Significance. If the reported enumerations and geometric validity checks hold, this work offers a systematic and exhaustive classification of the success of two simple greedy unfolding strategies across all regular polytopes in 3D and 4D. The distinction between combinatorial ordering success and geometric non-intersection is important for net generation algorithms, and the equivariance argument provides a theoretical foundation for the 0/100% dichotomy in face-transitive cases. The explicit reporting of counts like 1440/1440 for the 120-cell and the note on self-intersections add concrete data to the literature on unfolding.
major comments (2)
- [Results on regular 4-polytopes] The claim that the 120-cell has zero valid 3D nets despite Perfect ordering success under RZ (1440/1440 pairs) depends on the correctness of the 3D realization and subsequent self-intersection detection for every produced net. The manuscript provides no description of the intersection test implementation, tolerance values, handling of coplanar faces, or the projection from 4D to 3D unfolding. This is load-bearing for the geometric validity conclusion and requires additional details or code to allow verification.

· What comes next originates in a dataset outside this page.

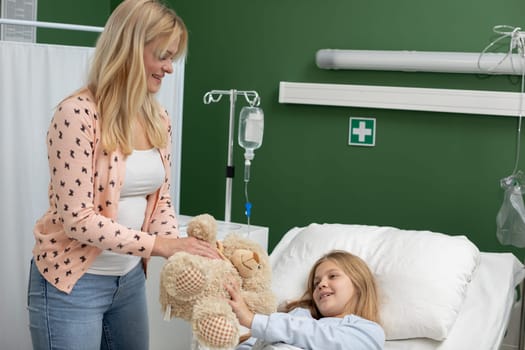A mother comforts her sick child in a hospital room by sharing a treasured teddy bear for emotional support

- [Evaluation methodology] While the abstract states clear numerical outcomes for the enumeration over all starting pairs, there are no implementation details, error-bar discussion, or verification steps mentioned for ensuring the 1440/1440 count (and similar counts) is free of floating-point or combinatorial edge cases in the exhaustive enumeration.
minor comments (1)
- The distinction between ordering success and geometric validity is well-noted but could be emphasized earlier in the abstract or introduction for clarity.
Simulated Author's Rebuttal
We thank the referee for their careful reading, recognition of the work's contributions, and constructive feedback on reproducibility. We agree that the manuscript requires additional implementation details and will revise accordingly to strengthen the geometric validity claims and enumeration methodology.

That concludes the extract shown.